I worked on the problem recently which showed itself as rather low MySQL load (probably 5% CPU usage and close to zero IO) would spike to have hundreds instances of threads running at the same time, causing intense utilization spike and server very unresponsive for anywhere from half a minute to ten minutes until everything would go back to normal. What was interesting is Same query was taking large portion of slots in PROCESSLIST. I do not just mean query with same fingerprint but literally the same query with same constants.
What we observed was a cache miss storm – situation which can happen with memcache (as in this case) as well as with query cache. If you have the item which is expensive to generate but which has a lot of hits in the cache you can get into situation when many clients at once will have miss in the cache and will attempt to re-create the item pushing server to overload. Now because a lot of requests being proceed in parallel the response time for initial request may take a lot longer than if it is ran all by itself increasing the time it takes server to recover.
What do I mean by expensive query in this case ? This is the query which has too high ratio of requests to be served with 100% misses for portion of time. For example if I have 100 accesses for given cache objects per second and it takes 500ms to populate it, it still will be too expensive, because for these 500 ms it takes to populate the item 50 requests will be started (this is the average case, because of random arrivals the worse case is worse) which takes 25 seconds to deal with (assuming there is just one execution unit). Because we normally have multiple cores and multiple drives it can be less than that but it is enough to cause hiccup for a few seconds which is unacceptable for a lot of modern applications.
How can you deal with this problem ? You should carefully watch frequently accessed cache items as well as cache items which take long to generate in case of cache miss. To find first one for memcached you can use mk-query-digest to analyze which items are requested frequently, it can decode memcached wire traffic. For second you can have instrumentation in your applications or take a look at MySQL Slow queries – which is good enough if you populate each cache item with single query.
Optimize query if you can. This is a good thing to do in any case but it may not be the only part of best solution. You can get some query patterns getting slow over time as data size growths or execution plan changes, you can also have some items becoming hot unexpectedly due to changes to content interest or launch of new features.

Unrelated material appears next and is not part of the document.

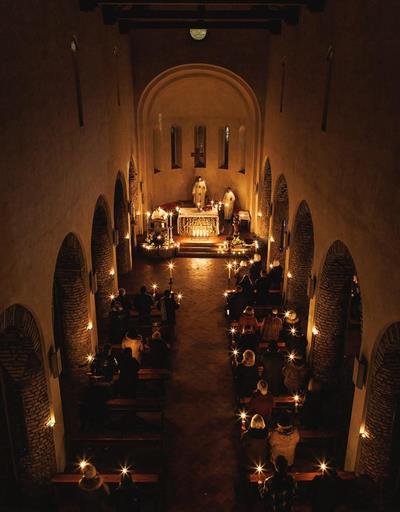 Clicca per ingrandire l'immagine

Use Smarter Cache Especially with memcache it is you who decide how to populate the cache. There is number of techniques you can use to avoid this problem such as probabilistic invalidation, you can also put the special value in the cache to reflect it is being updated right now so you’re better wait rather than starting populating it. For MySQL Query Cache the solution should have been to make queries wait on first query started to complete. Unfortunately this have not been implemented so far.
Pre-Populate the cache In some cases you can’t change how caching works easily, especially if it is built in in the application however it may be easier enough to identify hot items
and pre-populate them before they expire. So if item expires in 15 minutes you can refresh it every 10 minutes and so you get basically no misses. This works best when there are few hot cache entries which cause the problem.
So if your server has seemingly random spikes of activities check this out – cache miss storm could be one of the possible causes.